The flu is a virus that’s spread in several ways. First, you can contract the virus from a person near you who has the flu and sneezes, coughs, or talks.
The virus can also live on inanimate objects for 2 to 8 hours. If someone with the virus touched a common surface, like a door handle or a keyboard, and you touch the same surface, you could get the virus.
Once you have the virus on your hand, it can enter your body if you touch your mouth, eyes, or nose.
You can get a vaccine against the flu. An annual flu vaccine helps your body prepare for exposure to the virus. But flu viruses are morphing and changing. That’s why you need the flu shot every year, and especially while COVID-19 is still active.
A flu shot helps you by activating your immune system to make antibodies against particular strains of influenza.
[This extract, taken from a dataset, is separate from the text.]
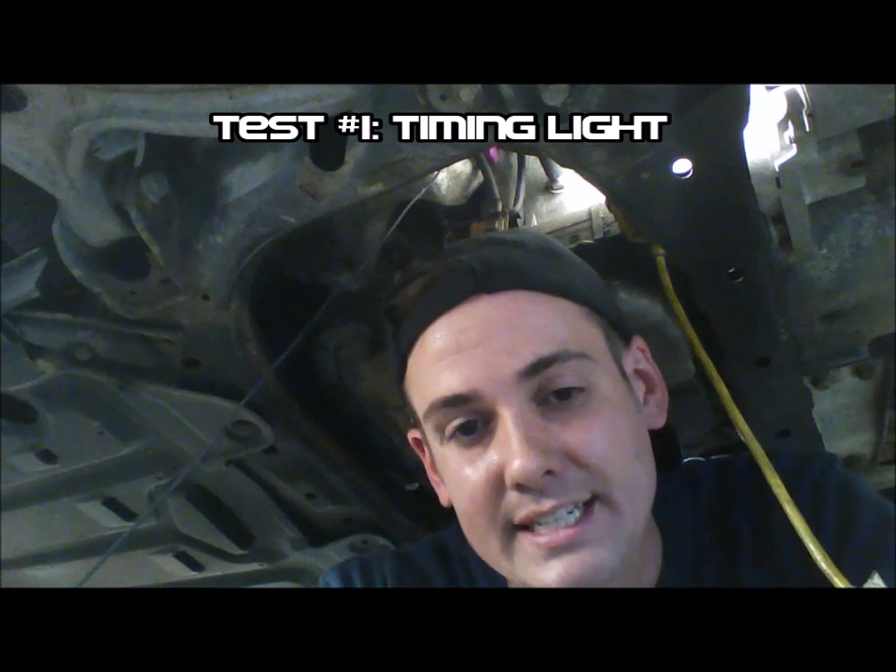Now this may be the least accurate way to test the ignition coil, but it will tell you quickly if you're dead in the water or not. All you're going to do is put in your old school timing light. You're going to put it on power and ground on the battery and on a leading spark plug wire. If you're trying to diagnose a no-start condition, the trailing spark plugs will not always fire when the car is cranking. So use a leading one unless the car is running, then you can put it on the trailing one and see if you have spark there.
Antibodies are what prevent infections.
It’s possible to get the flu after receiving the flu shot if you come into contact with other strains of the virus. Even then, it’s likely your symptoms will be much less severe than if you hadn’t had the vaccine at all.
This is because different strains of influenza share common elements (called cross-protection), which means that the flu vaccine is able to work against them, too.
What’s the Incubation Period for The Flu?
The typical incubation period for the flu is 1 to 4 days. Incubation refers to the period during which the virus is in your body and developing.
During this time, you may not show any symptoms of the virus. That doesn’t mean that you aren’t able to pass it to someone else. Many people are capable of transmitting the virus to others a day before symptoms appear.
The millions of tiny droplets that are produced when we sneeze, cough, or talk, spread the flu virus. These droplets enter your body through your nose, mouth, or eyes.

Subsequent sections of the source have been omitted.